##### EXERCISE INPUTS

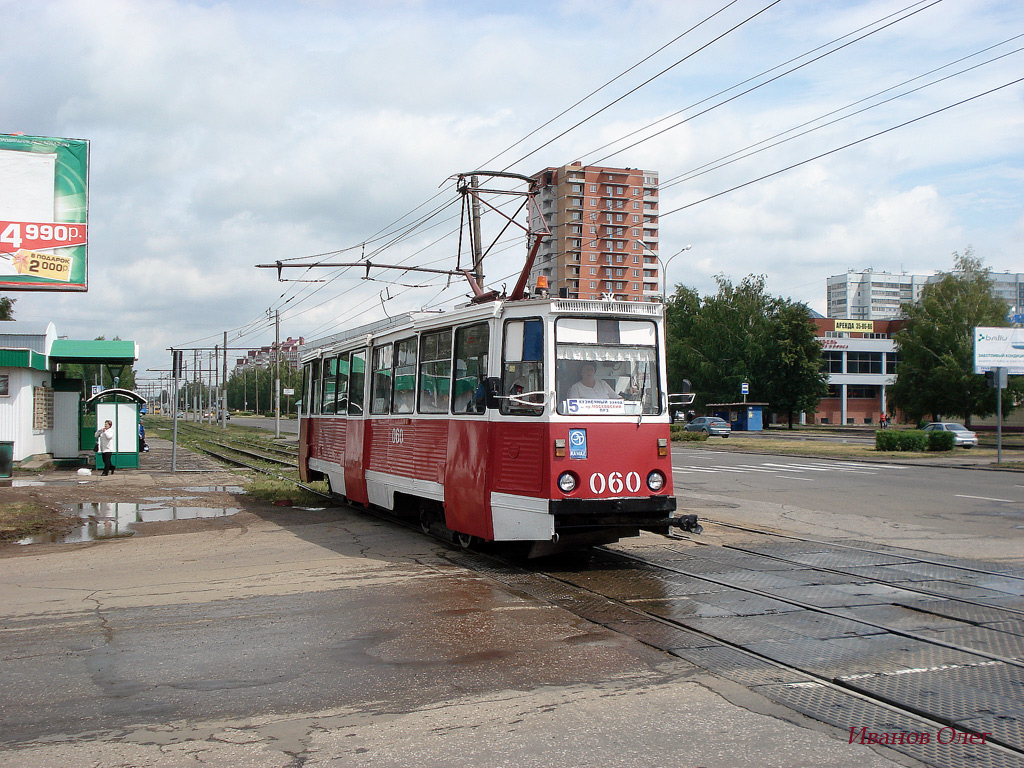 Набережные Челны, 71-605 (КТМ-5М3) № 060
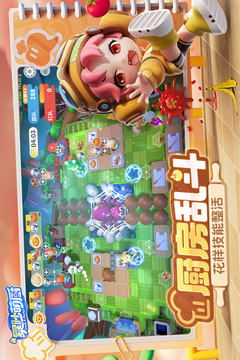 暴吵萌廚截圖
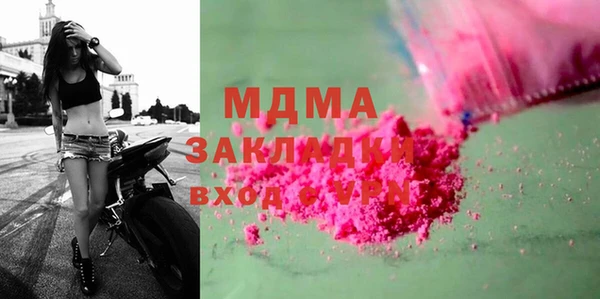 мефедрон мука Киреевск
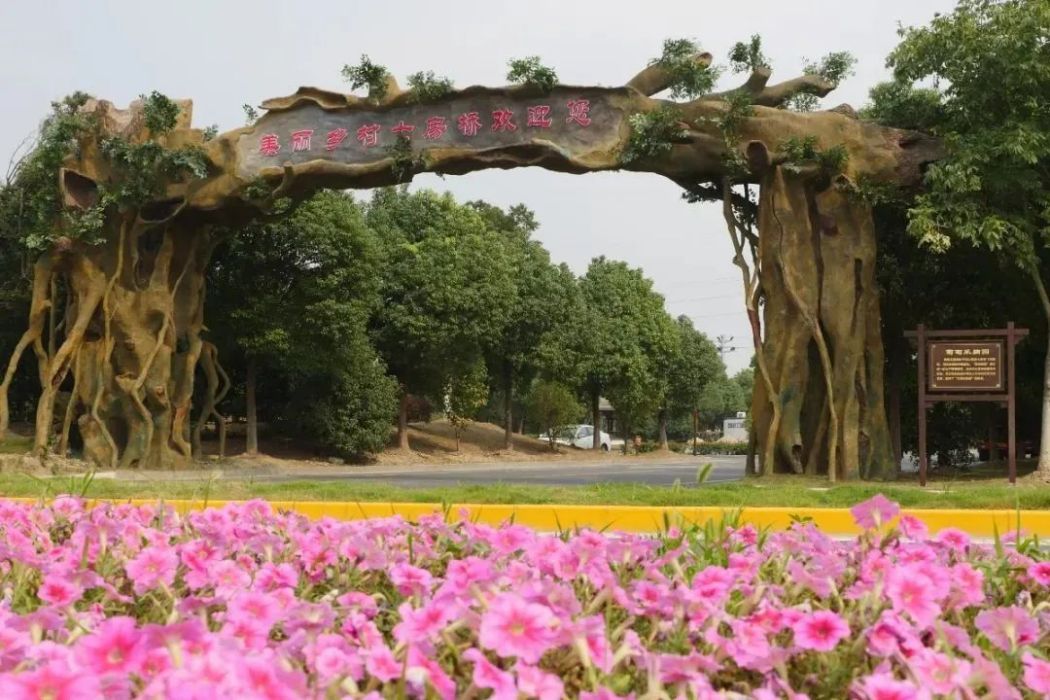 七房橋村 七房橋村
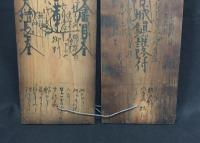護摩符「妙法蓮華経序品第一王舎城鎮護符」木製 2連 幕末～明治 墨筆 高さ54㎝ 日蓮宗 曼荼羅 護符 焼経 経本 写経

##########

Everything in the entries except the pictures should be returned exactly as given.

__OUTPUT OF THE EXERCISE__.
 Набережные Челны, 71-605 (КТМ-5М3) № 060
 暴吵萌廚截圖
 мефедрон мука Киреевск
 七房橋村 七房橋村
護摩符「妙法蓮華経序品第一王舎城鎮護符」木製 2連 幕末～明治 墨筆 高さ54㎝ 日蓮宗 曼荼羅 護符 焼経 経本 写経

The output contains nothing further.